▸ PROBLEM REQUIREMENTS:
Nothing but the lines below from the one that contains "円山動物園の雌ライオン" through the one that contains "Нежная розовая лилия" should be retyped, exactly and including both ends. Do not include pictures.

▸ DATA SECTION:
○ ○ ○ ○

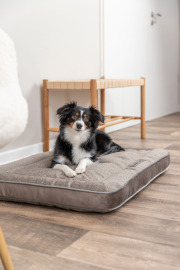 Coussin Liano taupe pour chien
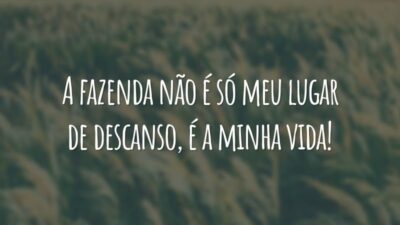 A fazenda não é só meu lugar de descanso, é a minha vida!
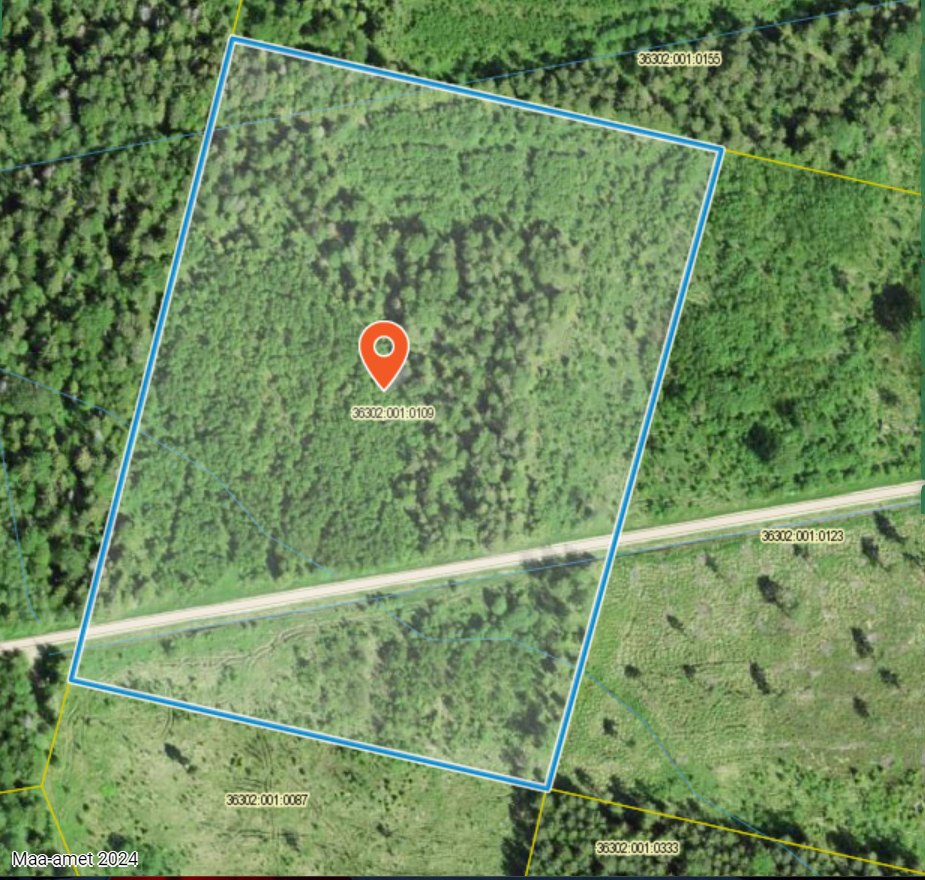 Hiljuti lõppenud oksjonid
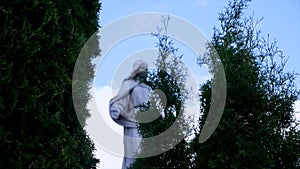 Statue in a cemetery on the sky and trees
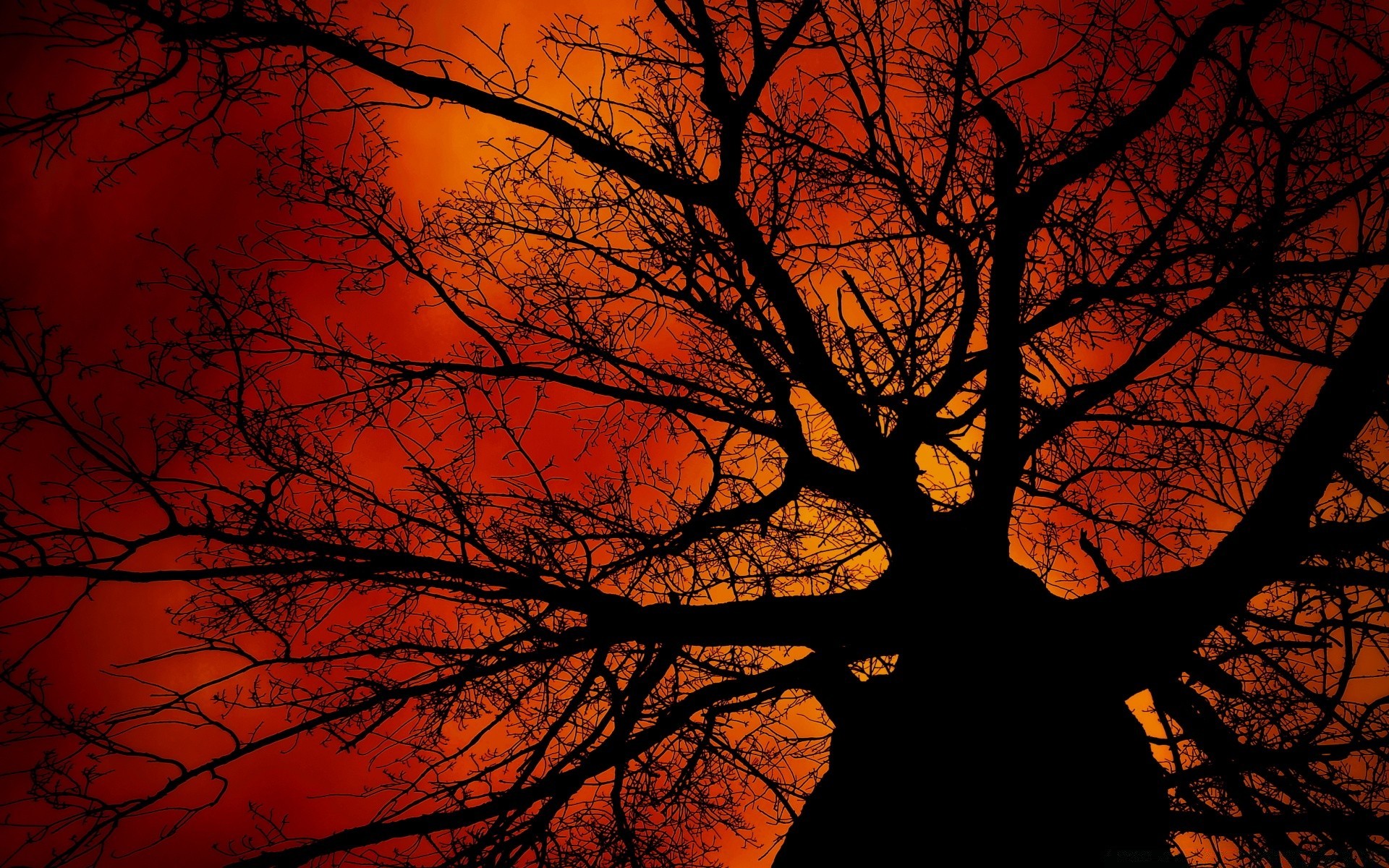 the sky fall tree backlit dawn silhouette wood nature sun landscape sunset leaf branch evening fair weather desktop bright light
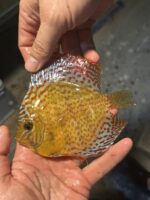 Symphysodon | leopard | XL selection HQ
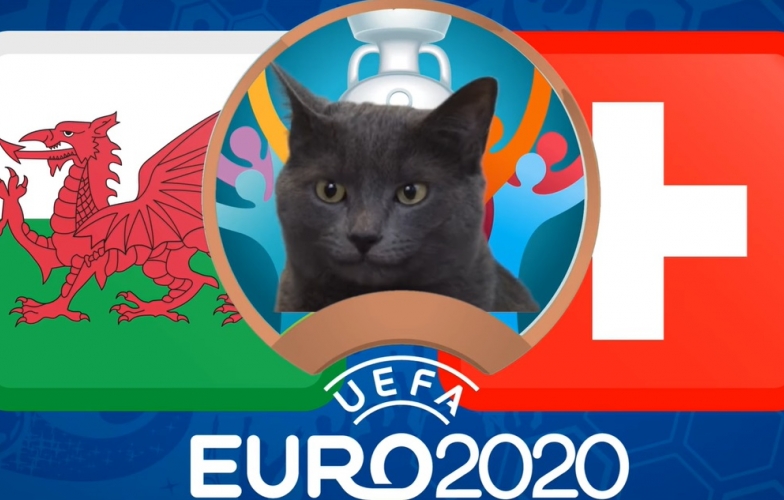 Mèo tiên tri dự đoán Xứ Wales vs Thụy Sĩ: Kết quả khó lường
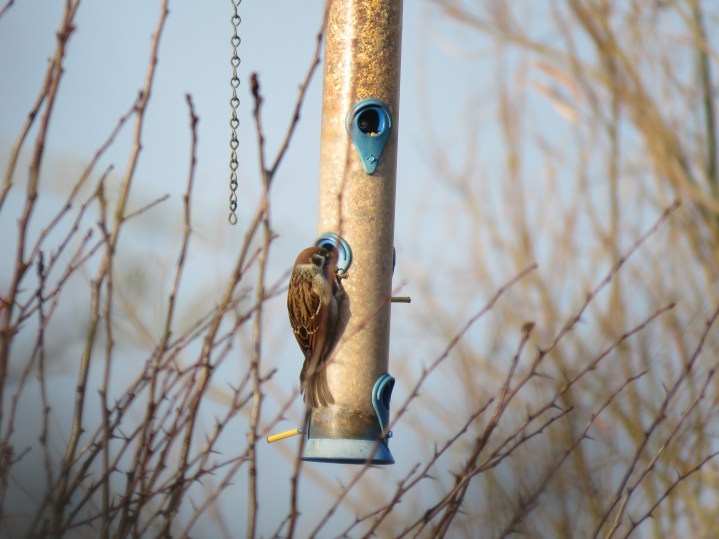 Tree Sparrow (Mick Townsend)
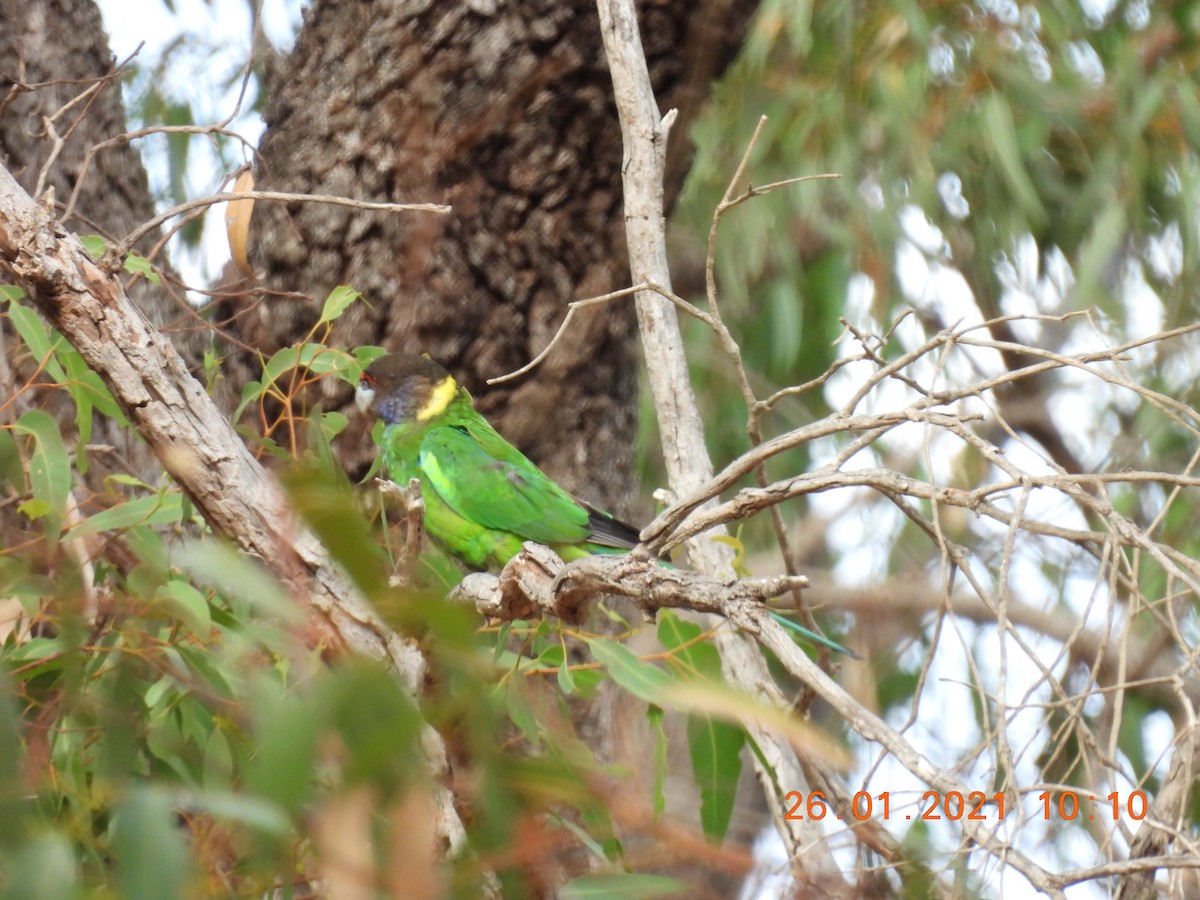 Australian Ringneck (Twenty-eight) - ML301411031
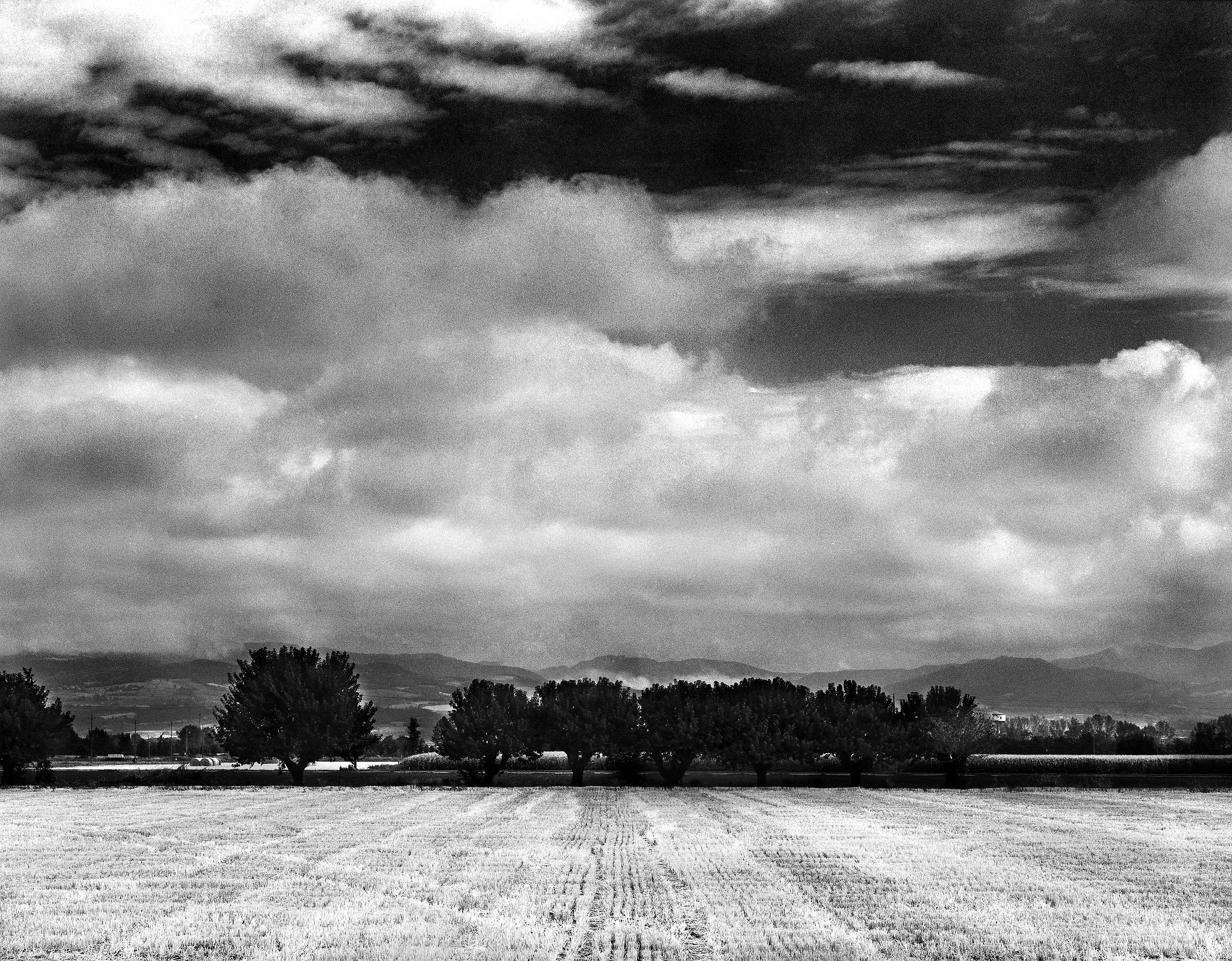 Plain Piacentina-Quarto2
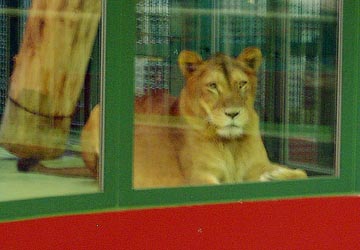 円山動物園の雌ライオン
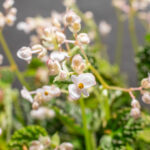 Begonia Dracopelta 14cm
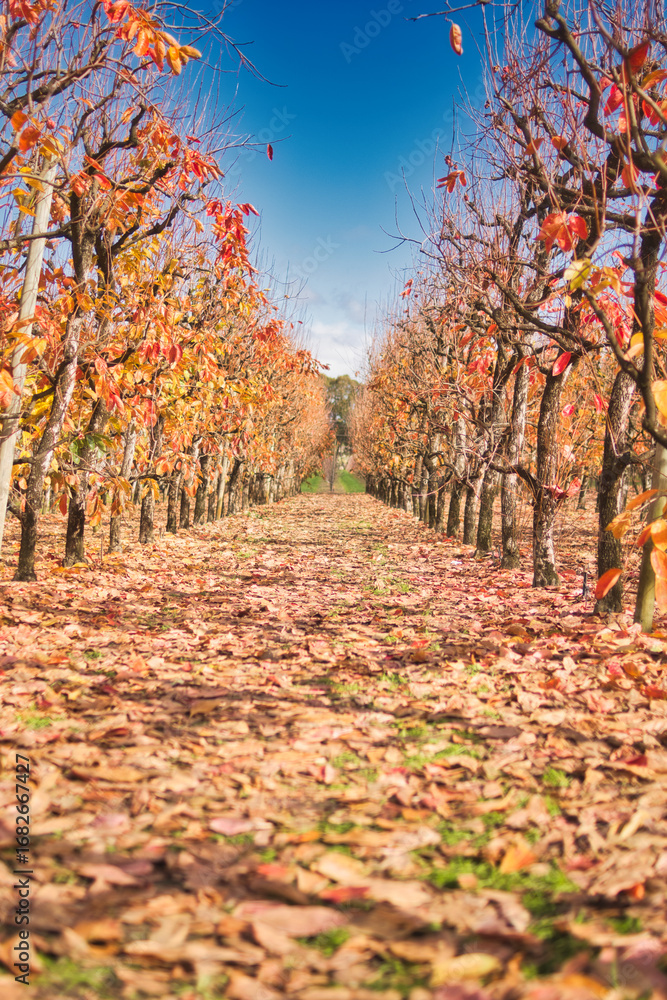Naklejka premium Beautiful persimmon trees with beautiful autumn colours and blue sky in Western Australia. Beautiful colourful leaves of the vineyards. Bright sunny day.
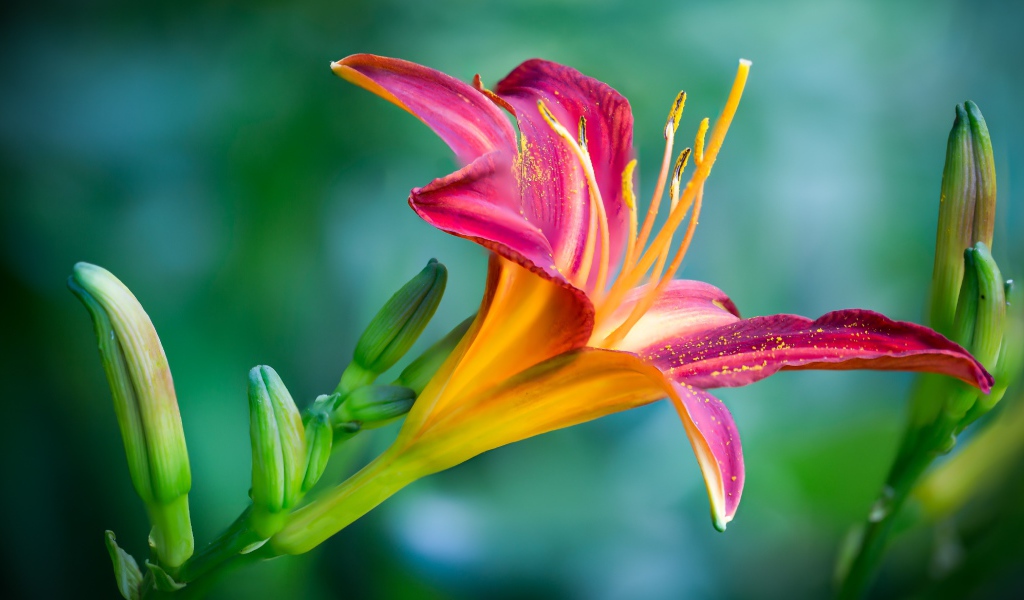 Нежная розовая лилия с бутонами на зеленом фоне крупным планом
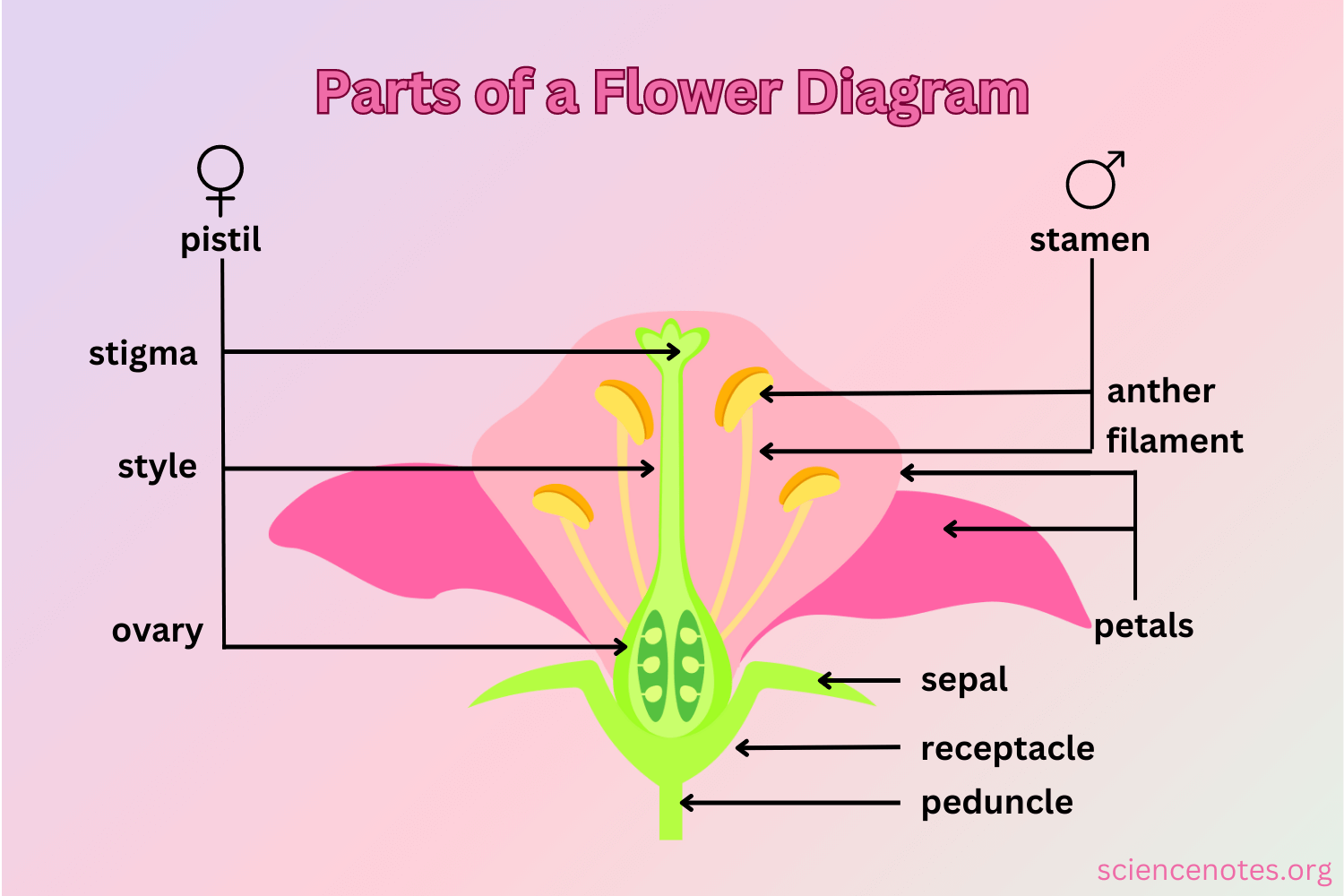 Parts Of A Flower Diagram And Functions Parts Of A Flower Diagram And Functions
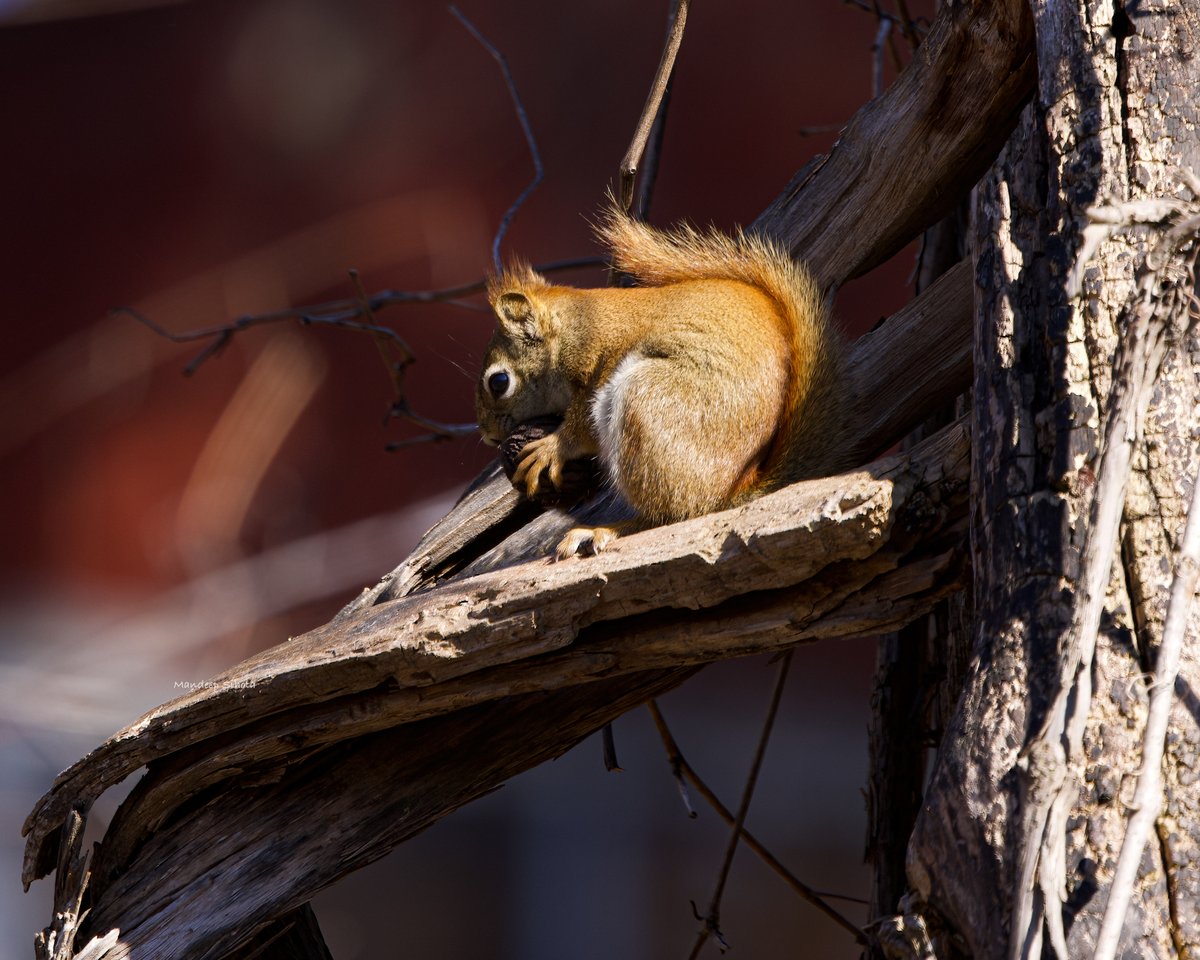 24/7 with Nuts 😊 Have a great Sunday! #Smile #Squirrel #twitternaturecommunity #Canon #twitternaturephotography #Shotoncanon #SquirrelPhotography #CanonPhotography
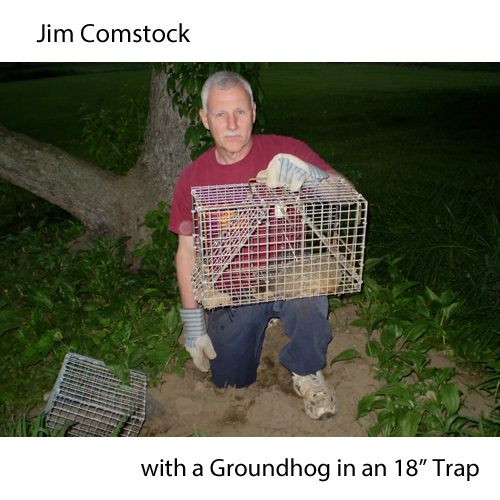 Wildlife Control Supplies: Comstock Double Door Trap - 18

○ ○ ○ ○

▸ ANSWER BELOW:
 円山動物園の雌ライオン
 Begonia Dracopelta 14cm
Naklejka premium Beautiful persimmon trees with beautiful autumn colours and blue sky in Western Australia. Beautiful colourful leaves of the vineyards. Bright sunny day.
 Нежная розовая лилия с бутонами на зеленом фоне крупным планом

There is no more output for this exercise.